=== Problem to work on ===
Repeat each line of the material below exactly as it appears, minus any pictures.

=== Data to process ===
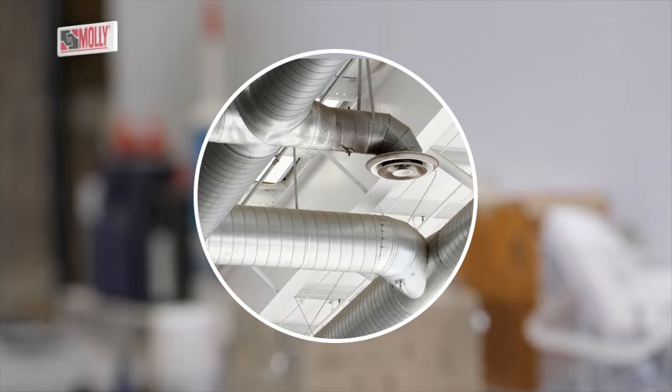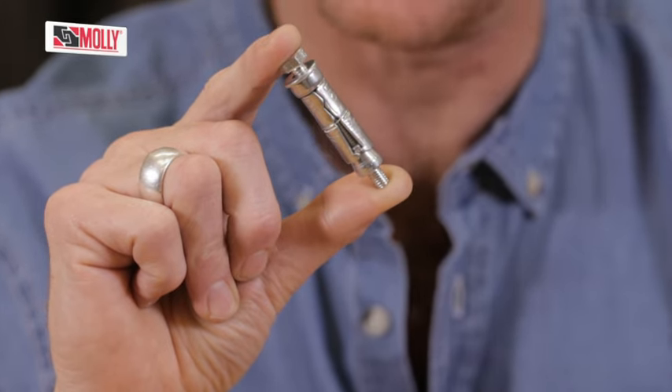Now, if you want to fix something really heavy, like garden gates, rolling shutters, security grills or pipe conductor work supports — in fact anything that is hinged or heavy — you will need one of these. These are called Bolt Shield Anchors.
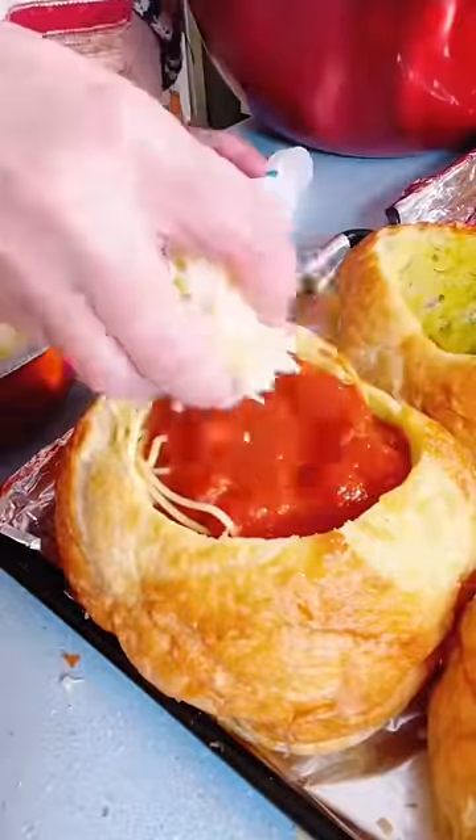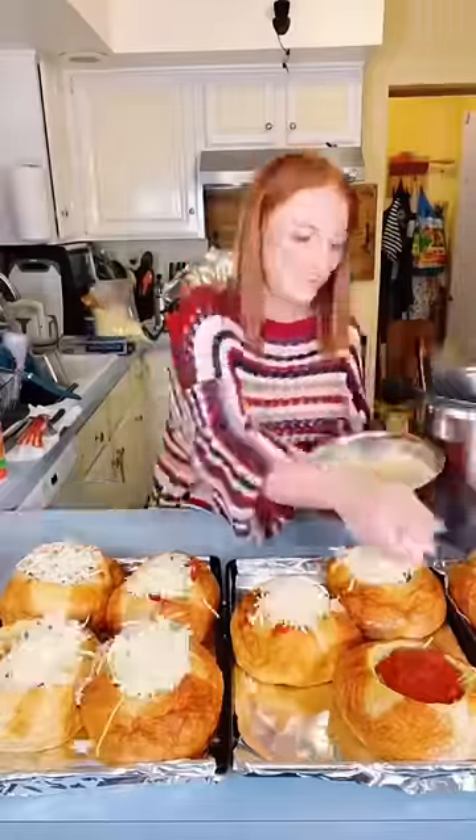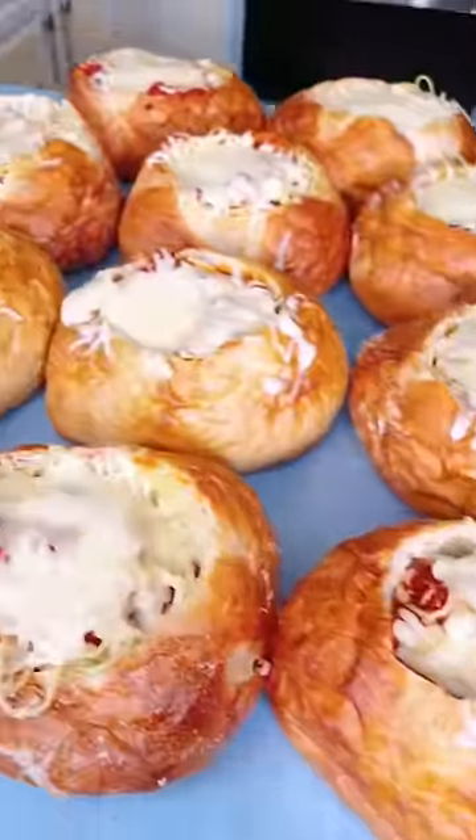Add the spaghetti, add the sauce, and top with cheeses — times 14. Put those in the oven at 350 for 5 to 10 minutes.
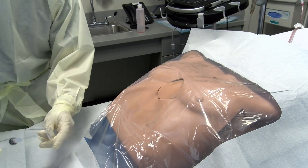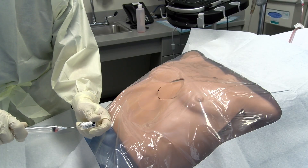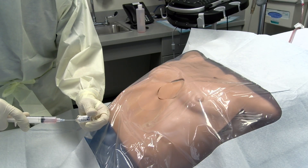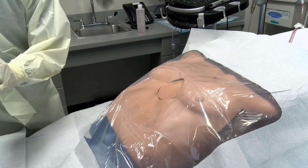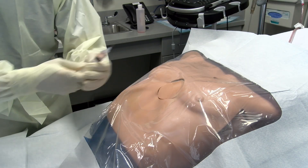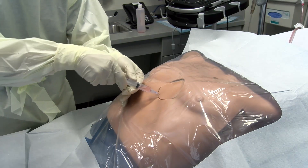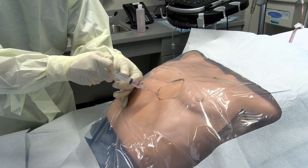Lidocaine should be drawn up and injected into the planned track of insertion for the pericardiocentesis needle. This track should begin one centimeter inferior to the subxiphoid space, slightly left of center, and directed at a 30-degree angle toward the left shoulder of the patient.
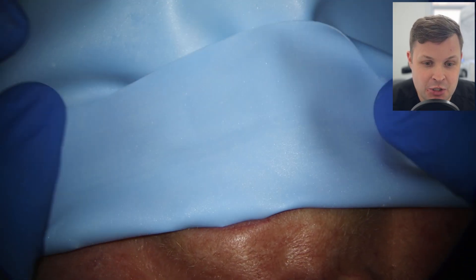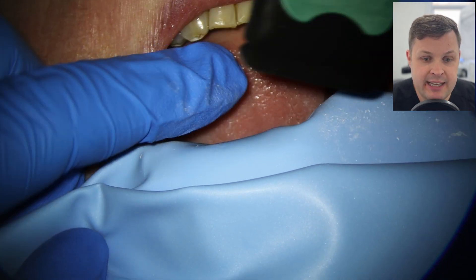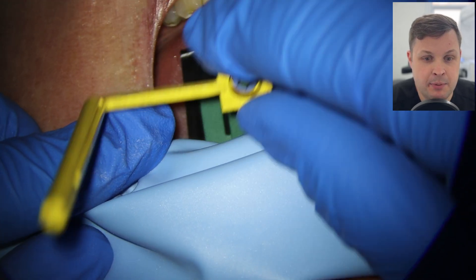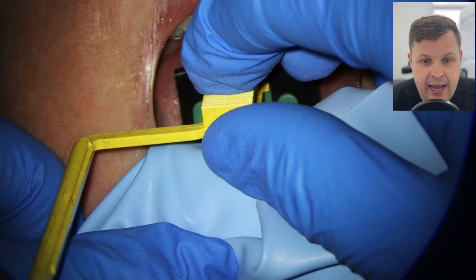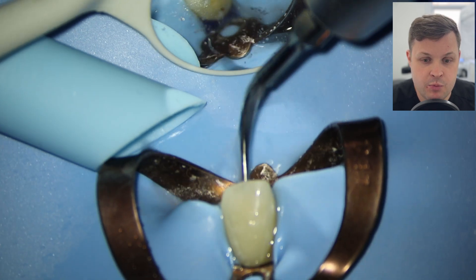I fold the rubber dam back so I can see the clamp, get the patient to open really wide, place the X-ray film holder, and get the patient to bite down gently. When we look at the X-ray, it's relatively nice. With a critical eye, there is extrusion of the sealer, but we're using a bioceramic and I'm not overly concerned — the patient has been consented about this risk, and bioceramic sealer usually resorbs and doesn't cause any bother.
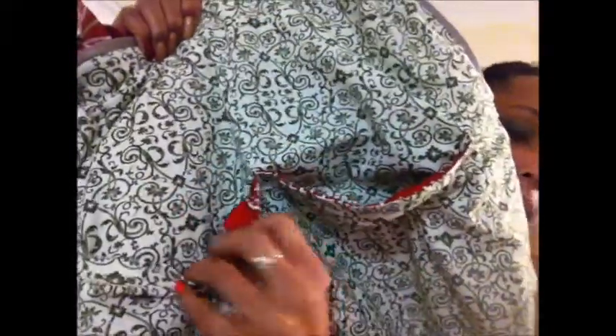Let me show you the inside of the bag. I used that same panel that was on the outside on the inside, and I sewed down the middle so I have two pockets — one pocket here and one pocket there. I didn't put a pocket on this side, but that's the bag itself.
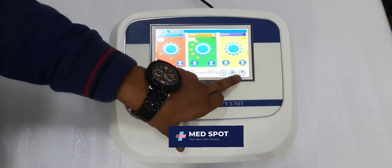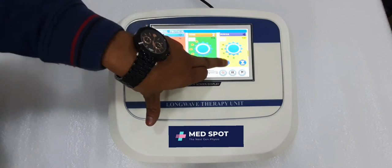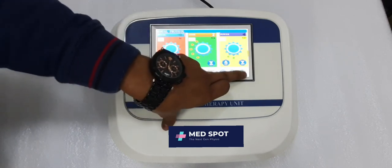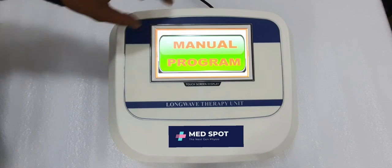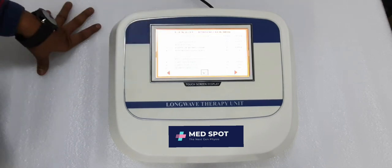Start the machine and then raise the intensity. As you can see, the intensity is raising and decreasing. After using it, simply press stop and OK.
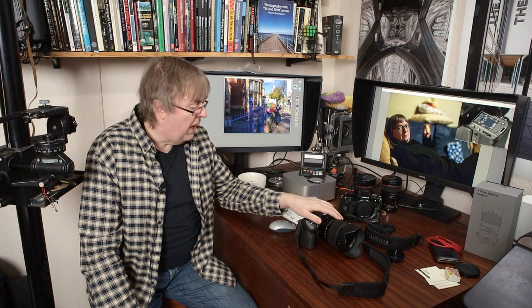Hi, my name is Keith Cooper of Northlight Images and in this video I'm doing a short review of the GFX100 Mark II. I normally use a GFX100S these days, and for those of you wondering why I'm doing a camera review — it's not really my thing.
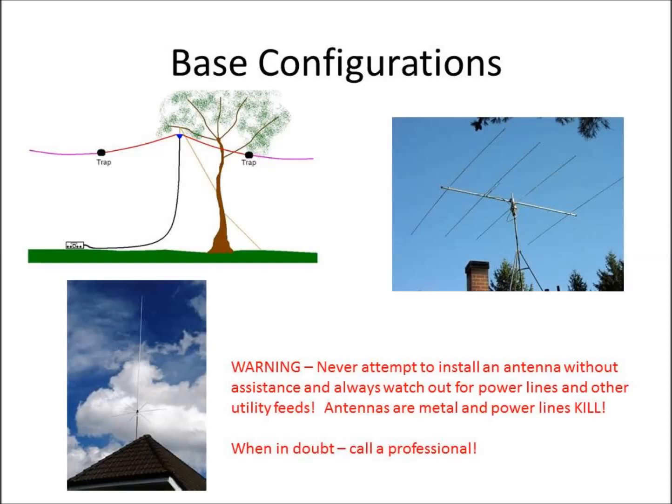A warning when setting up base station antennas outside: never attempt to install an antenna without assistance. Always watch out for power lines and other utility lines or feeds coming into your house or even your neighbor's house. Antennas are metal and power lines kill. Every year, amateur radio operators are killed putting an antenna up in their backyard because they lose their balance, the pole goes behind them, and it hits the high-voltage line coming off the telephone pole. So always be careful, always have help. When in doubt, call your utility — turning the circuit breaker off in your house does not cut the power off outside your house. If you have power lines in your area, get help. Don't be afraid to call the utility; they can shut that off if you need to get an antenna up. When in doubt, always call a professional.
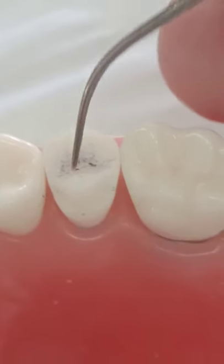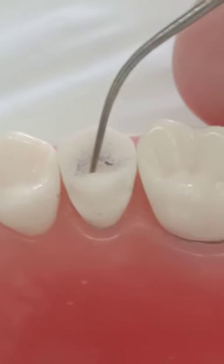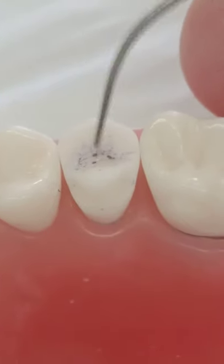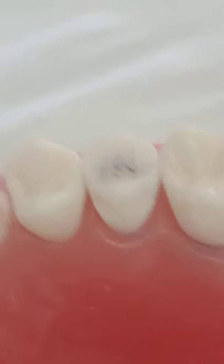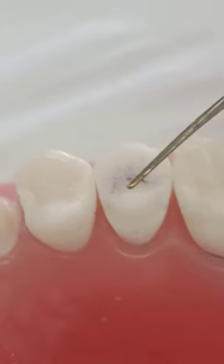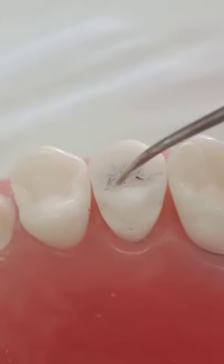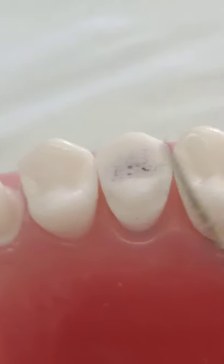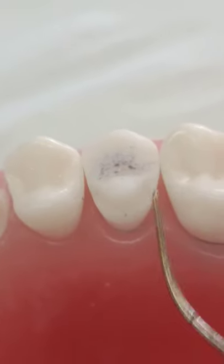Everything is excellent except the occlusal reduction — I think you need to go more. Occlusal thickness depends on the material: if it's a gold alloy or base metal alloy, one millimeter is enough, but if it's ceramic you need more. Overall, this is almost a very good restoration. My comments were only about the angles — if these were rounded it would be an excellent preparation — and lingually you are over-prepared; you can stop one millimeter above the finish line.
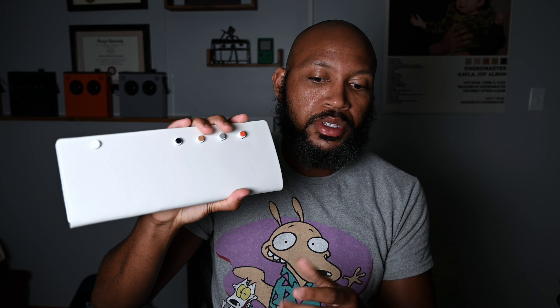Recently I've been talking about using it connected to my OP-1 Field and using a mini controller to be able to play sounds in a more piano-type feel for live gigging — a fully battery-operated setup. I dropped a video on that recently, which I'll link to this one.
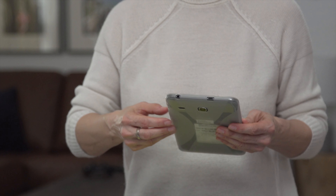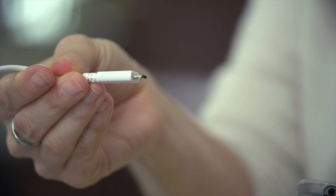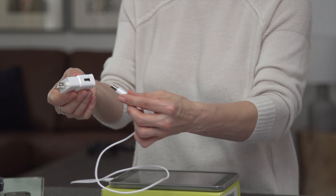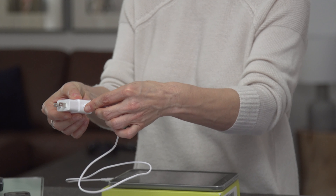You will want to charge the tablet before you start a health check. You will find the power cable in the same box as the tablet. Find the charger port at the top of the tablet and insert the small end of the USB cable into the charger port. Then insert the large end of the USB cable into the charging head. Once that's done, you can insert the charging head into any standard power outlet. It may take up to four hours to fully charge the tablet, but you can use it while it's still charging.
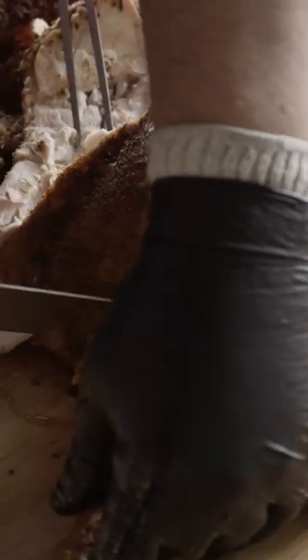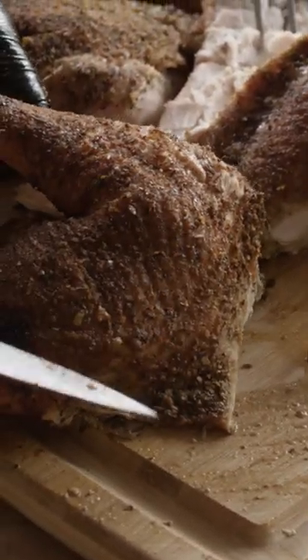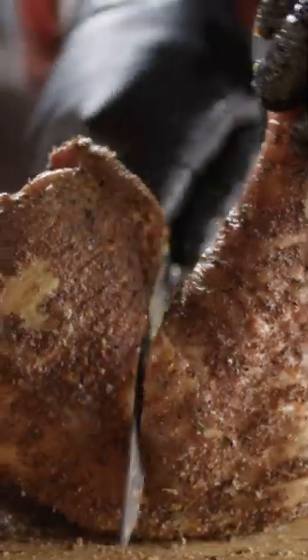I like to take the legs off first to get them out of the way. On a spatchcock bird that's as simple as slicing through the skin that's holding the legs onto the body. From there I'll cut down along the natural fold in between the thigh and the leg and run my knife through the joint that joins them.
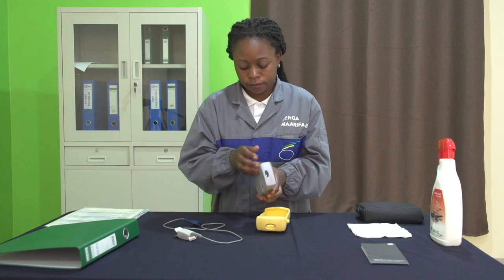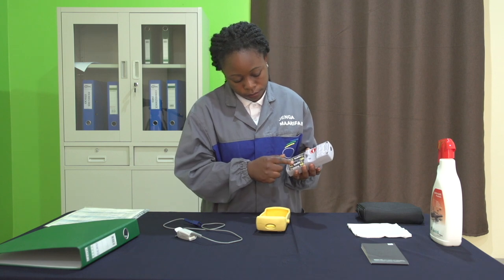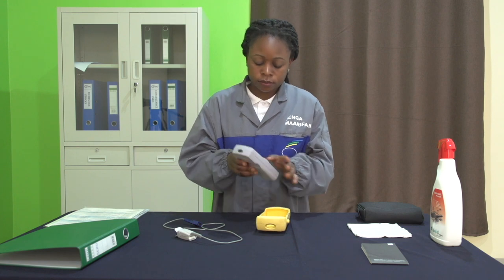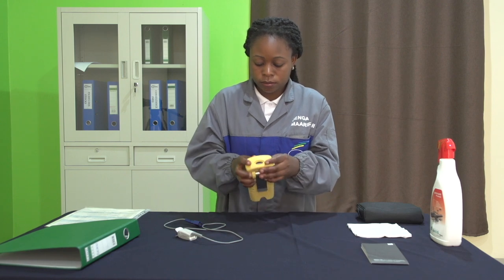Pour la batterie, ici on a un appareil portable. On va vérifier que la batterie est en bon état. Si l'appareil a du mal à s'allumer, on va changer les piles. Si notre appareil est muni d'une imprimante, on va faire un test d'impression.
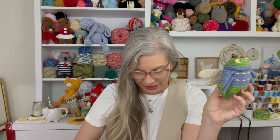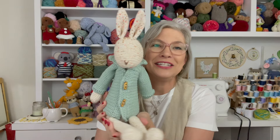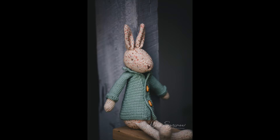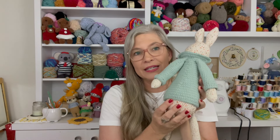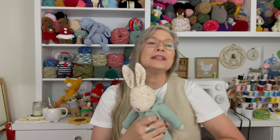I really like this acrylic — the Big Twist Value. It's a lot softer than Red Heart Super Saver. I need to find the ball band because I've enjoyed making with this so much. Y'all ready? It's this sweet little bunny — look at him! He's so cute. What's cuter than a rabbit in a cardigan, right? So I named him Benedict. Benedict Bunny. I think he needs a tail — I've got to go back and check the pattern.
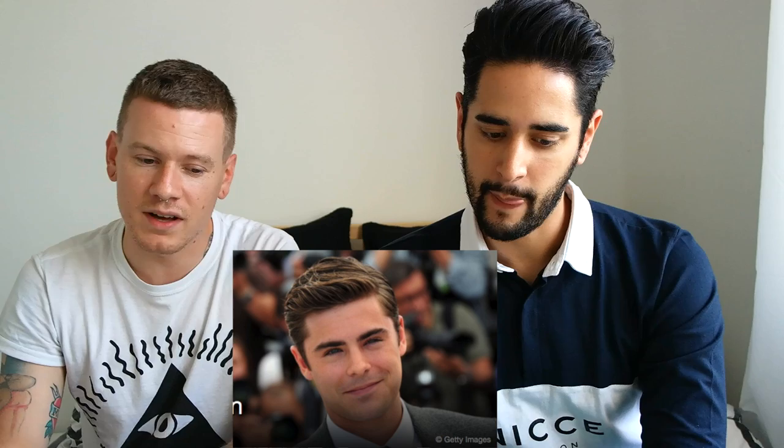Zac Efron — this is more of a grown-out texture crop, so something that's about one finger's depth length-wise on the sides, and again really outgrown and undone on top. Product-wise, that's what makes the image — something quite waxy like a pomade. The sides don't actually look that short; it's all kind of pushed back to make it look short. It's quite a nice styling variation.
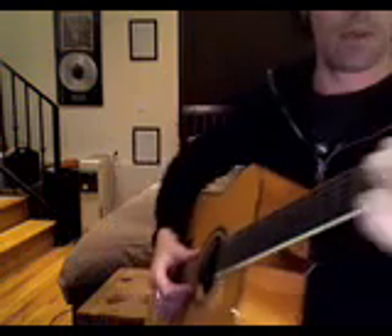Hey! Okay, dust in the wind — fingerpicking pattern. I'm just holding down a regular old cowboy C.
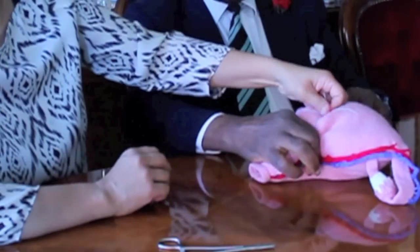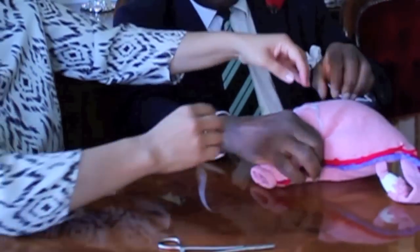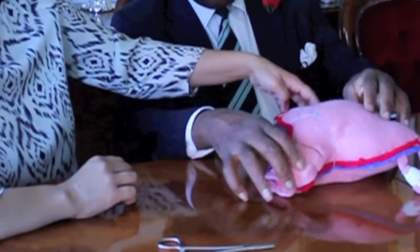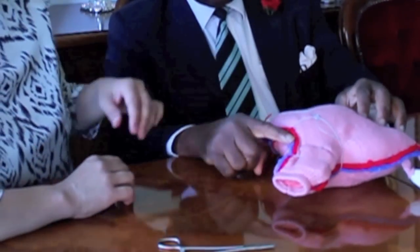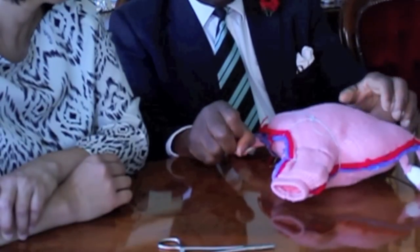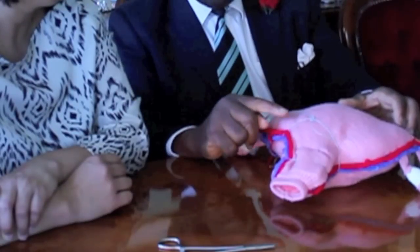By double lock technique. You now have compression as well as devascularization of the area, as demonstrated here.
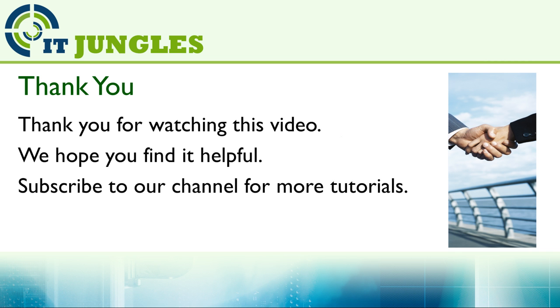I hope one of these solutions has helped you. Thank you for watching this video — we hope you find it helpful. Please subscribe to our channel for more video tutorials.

=== Exercise answer ===
Now, if you want to fix something really heavy, like garden gates, rolling shutters, security grills or pipe conductor work supports — in fact anything that is hinged or heavy — you will need one of these. These are called Bolt Shield Anchors.
Add the spaghetti, add the sauce, and top with cheeses — times 14. Put those in the oven at 350 for 5 to 10 minutes.
Lidocaine should be drawn up and injected into the planned track of insertion for the pericardiocentesis needle. This track should begin one centimeter inferior to the subxiphoid space, slightly left of center, and directed at a 30-degree angle toward the left shoulder of the patient.
I fold the rubber dam back so I can see the clamp, get the patient to open really wide, place the X-ray film holder, and get the patient to bite down gently. When we look at the X-ray, it's relatively nice. With a critical eye, there is extrusion of the sealer, but we're using a bioceramic and I'm not overly concerned — the patient has been consented about this risk, and bioceramic sealer usually resorbs and doesn't cause any bother.
Let me show you the inside of the bag. I used that same panel that was on the outside on the inside, and I sewed down the middle so I have two pockets — one pocket here and one pocket there. I didn't put a pocket on this side, but that's the bag itself.
Start the machine and then raise the intensity. As you can see, the intensity is raising and decreasing. After using it, simply press stop and OK.
Hi, my name is Keith Cooper of Northlight Images and in this video I'm doing a short review of the GFX100 Mark II. I normally use a GFX100S these days, and for those of you wondering why I'm doing a camera review — it's not really my thing.
A warning when setting up base station antennas outside: never attempt to install an antenna without assistance. Always watch out for power lines and other utility lines or feeds coming into your house or even your neighbor's house. Antennas are metal and power lines kill. Every year, amateur radio operators are killed putting an antenna up in their backyard because they lose their balance, the pole goes behind them, and it hits the high-voltage line coming off the telephone pole. So always be careful, always have help. When in doubt, call your utility — turning the circuit breaker off in your house does not cut the power off outside your house. If you have power lines in your area, get help. Don't be afraid to call the utility; they can shut that off if you need to get an antenna up. When in doubt, always call a professional.
Everything is excellent except the occlusal reduction — I think you need to go more. Occlusal thickness depends on the material: if it's a gold alloy or base metal alloy, one millimeter is enough, but if it's ceramic you need more. Overall, this is almost a very good restoration. My comments were only about the angles — if these were rounded it would be an excellent preparation — and lingually you are over-prepared; you can stop one millimeter above the finish line.
Recently I've been talking about using it connected to my OP-1 Field and using a mini controller to be able to play sounds in a more piano-type feel for live gigging — a fully battery-operated setup. I dropped a video on that recently, which I'll link to this one.
You will want to charge the tablet before you start a health check. You will find the power cable in the same box as the tablet. Find the charger port at the top of the tablet and insert the small end of the USB cable into the charger port. Then insert the large end of the USB cable into the charging head. Once that's done, you can insert the charging head into any standard power outlet. It may take up to four hours to fully charge the tablet, but you can use it while it's still charging.
I like to take the legs off first to get them out of the way. On a spatchcock bird that's as simple as slicing through the skin that's holding the legs onto the body. From there I'll cut down along the natural fold in between the thigh and the leg and run my knife through the joint that joins them.
Pour la batterie, ici on a un appareil portable. On va vérifier que la batterie est en bon état. Si l'appareil a du mal à s'allumer, on va changer les piles. Si notre appareil est muni d'une imprimante, on va faire un test d'impression.
I really like this acrylic — the Big Twist Value. It's a lot softer than Red Heart Super Saver. I need to find the ball band because I've enjoyed making with this so much. Y'all ready? It's this sweet little bunny — look at him! He's so cute. What's cuter than a rabbit in a cardigan, right? So I named him Benedict. Benedict Bunny. I think he needs a tail — I've got to go back and check the pattern.
Zac Efron — this is more of a grown-out texture crop, so something that's about one finger's depth length-wise on the sides, and again really outgrown and undone on top. Product-wise, that's what makes the image — something quite waxy like a pomade. The sides don't actually look that short; it's all kind of pushed back to make it look short. It's quite a nice styling variation.
Hey! Okay, dust in the wind — fingerpicking pattern. I'm just holding down a regular old cowboy C.
By double lock technique. You now have compression as well as devascularization of the area, as demonstrated here.
I hope one of these solutions has helped you. Thank you for watching this video — we hope you find it helpful. Please subscribe to our channel for more video tutorials.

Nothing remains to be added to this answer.